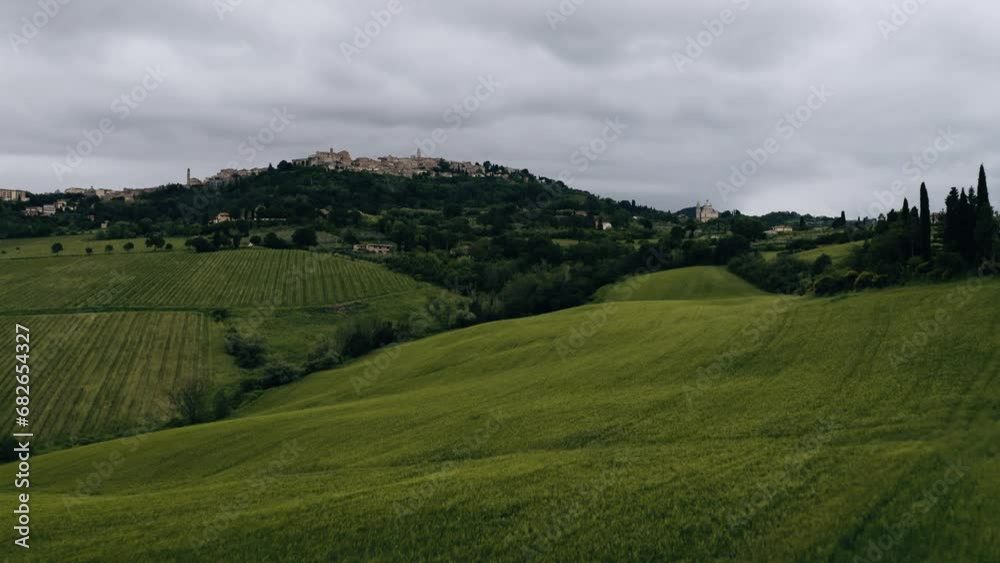 Low drone shot soaring over Italy's rural countryside filled with green fields. Low drone shot soaring over Italy's rural countryside filled with green fields.
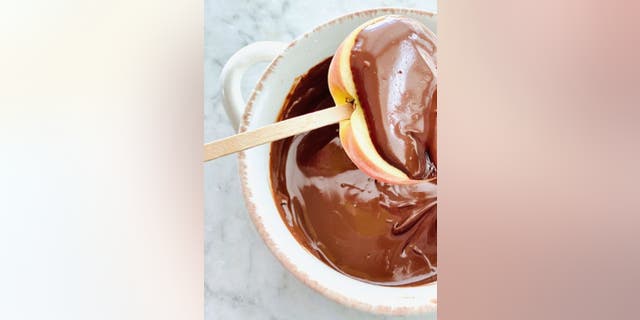 In jede Apfelscheibe muss ein Eiscreme-Stick eingeführt werden, bevor sie in geschmolzene Schokolade getaucht wird, gemäß dem deutschen Schokoladen-Karamell-Apfel-Rezept von Debi Morgan.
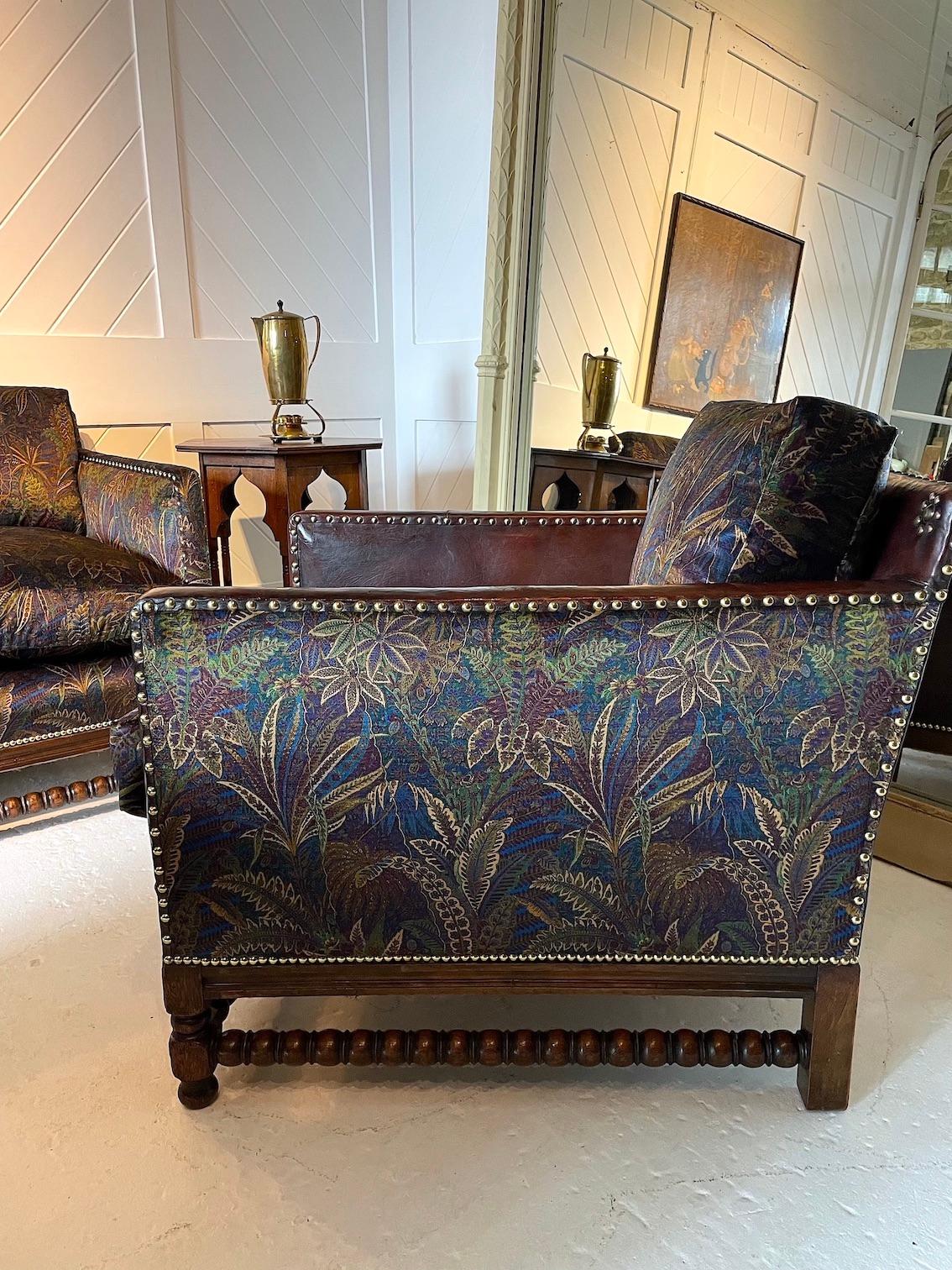 Exceptional quality oak framed, bobbin turned armchair with decorative brass stud work.
Original leather with re-upholstery using Liberty velvet fabric ‘Shand Voyage, Winter’
This was possibly retailed by Liberty & Co
circa 1915

Matching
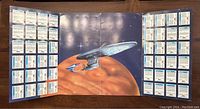 Tri-fold album showing backs of all 48 cards with detailed text and statistics for each, displayed around a large USS Defiant image in the center.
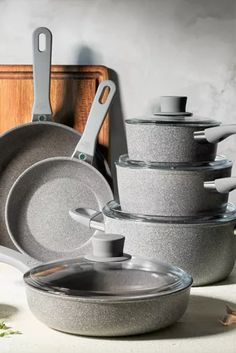 an assortment of pots and pans on a counter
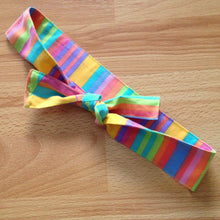 Load image into Gallery viewer, Candy coloured stripe headband tied in a bow. The bow has horizontal stripes. The back and side have vertical stripes.
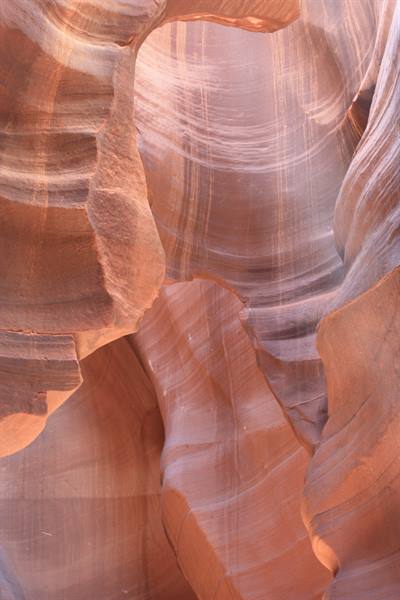 Wavy orange sandstone walls carved by water, Antelope Canyon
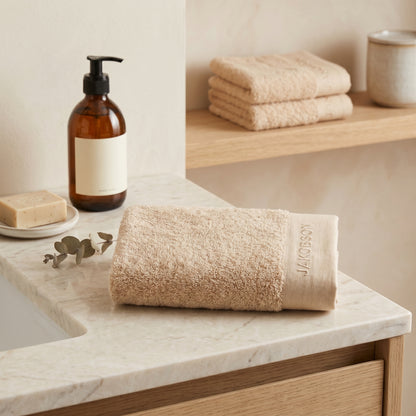 Organic cotton terry bath towel in beige made from 100% organic cotton styled with bath accessories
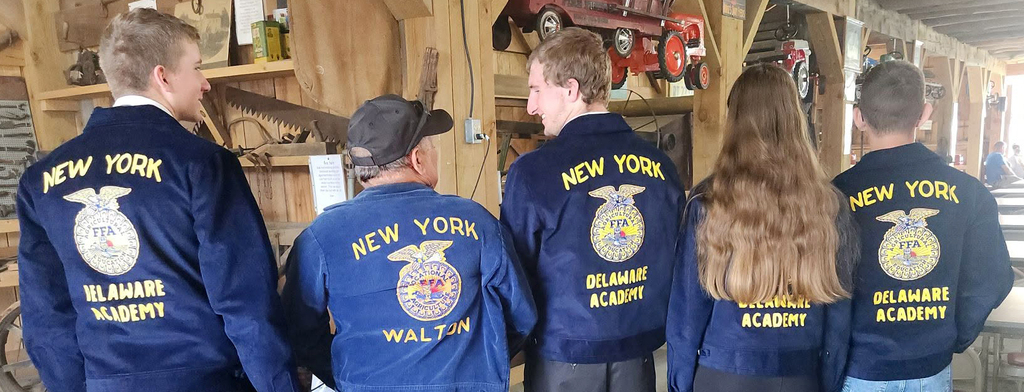Delaware academy tudents and an adult wearing FFA jackets, seen from the back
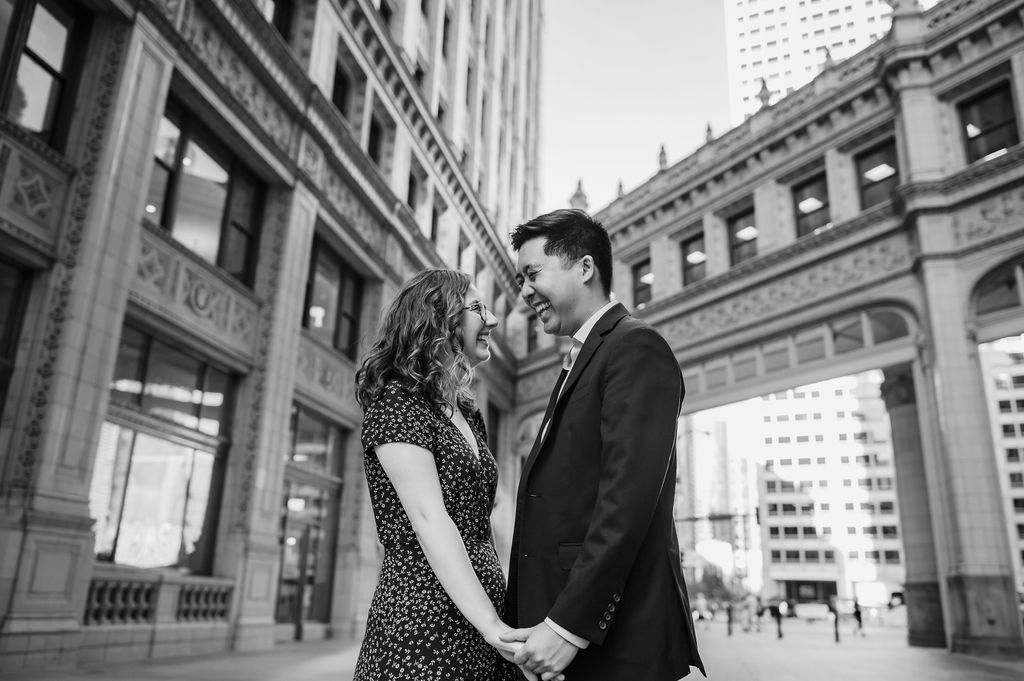 A couple hold hands at the Chicago Wrigley Building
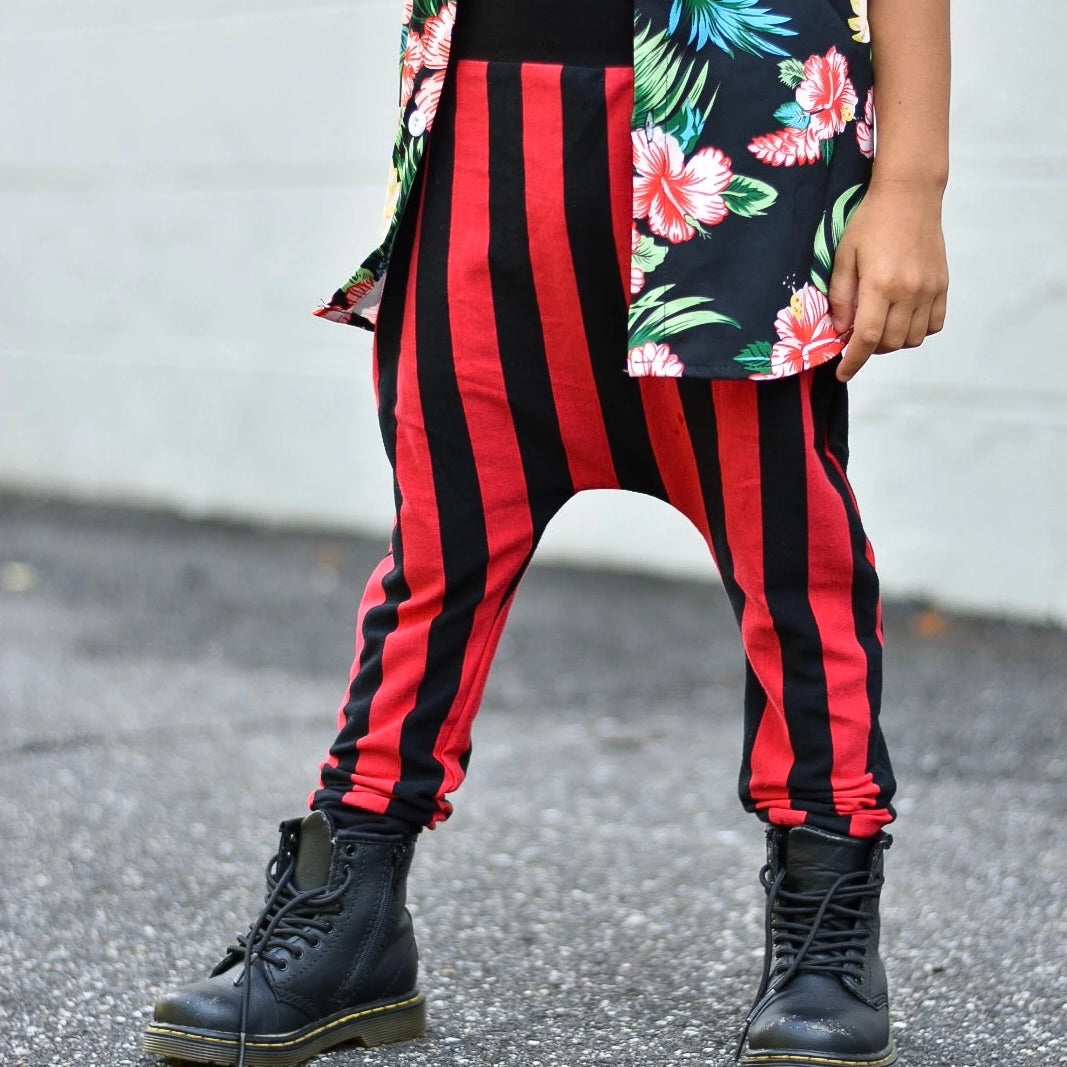 red and black vertical striped pants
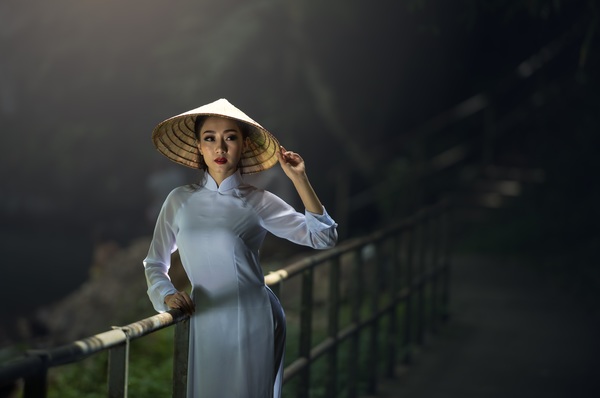 Beautiful Vietnamese girl wearing straw hat Stock Photo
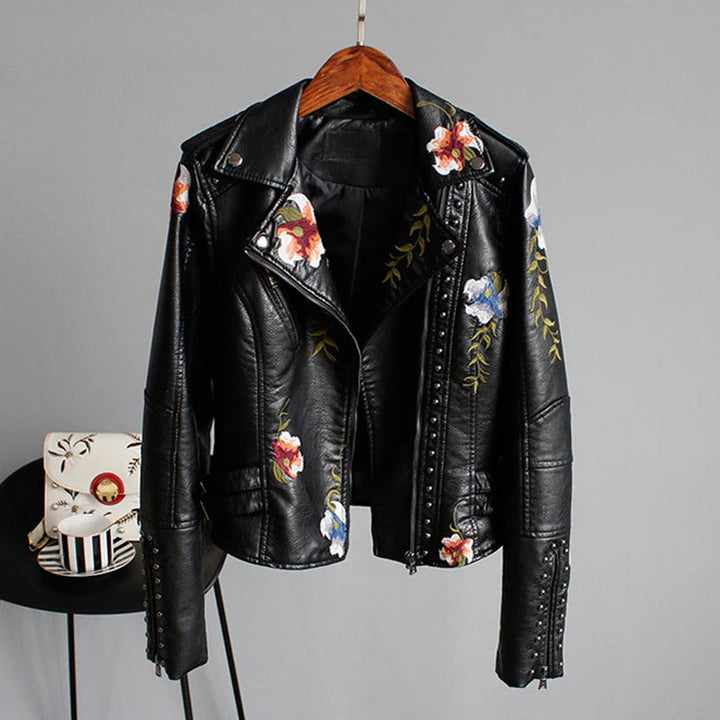 Women's embroidered floral biker jacket, faux leather, chic outerwear, statement fashion piece.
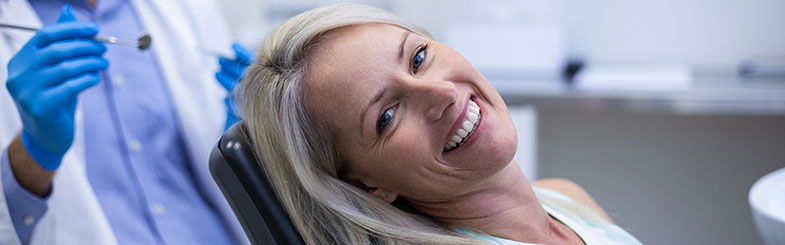 Woman Smiling at the Dentist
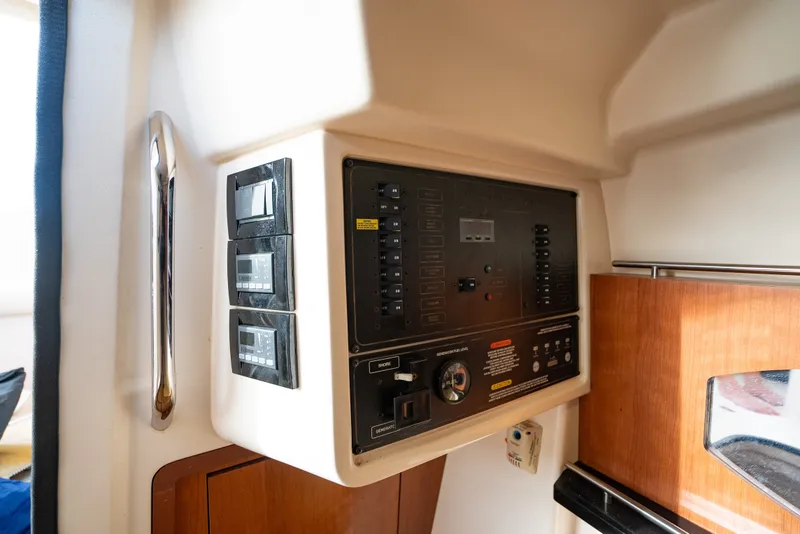 Slide: The Image of Control panel of a 2015 Grady-White Freedom 335 boat interior. - 51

#####

## Your task
Filter the records above for the string "Liberty" and copy each matching line.

## Written response
Original leather with re-upholstery using Liberty velvet fabric ‘Shand Voyage, Winter’
This was possibly retailed by Liberty & Co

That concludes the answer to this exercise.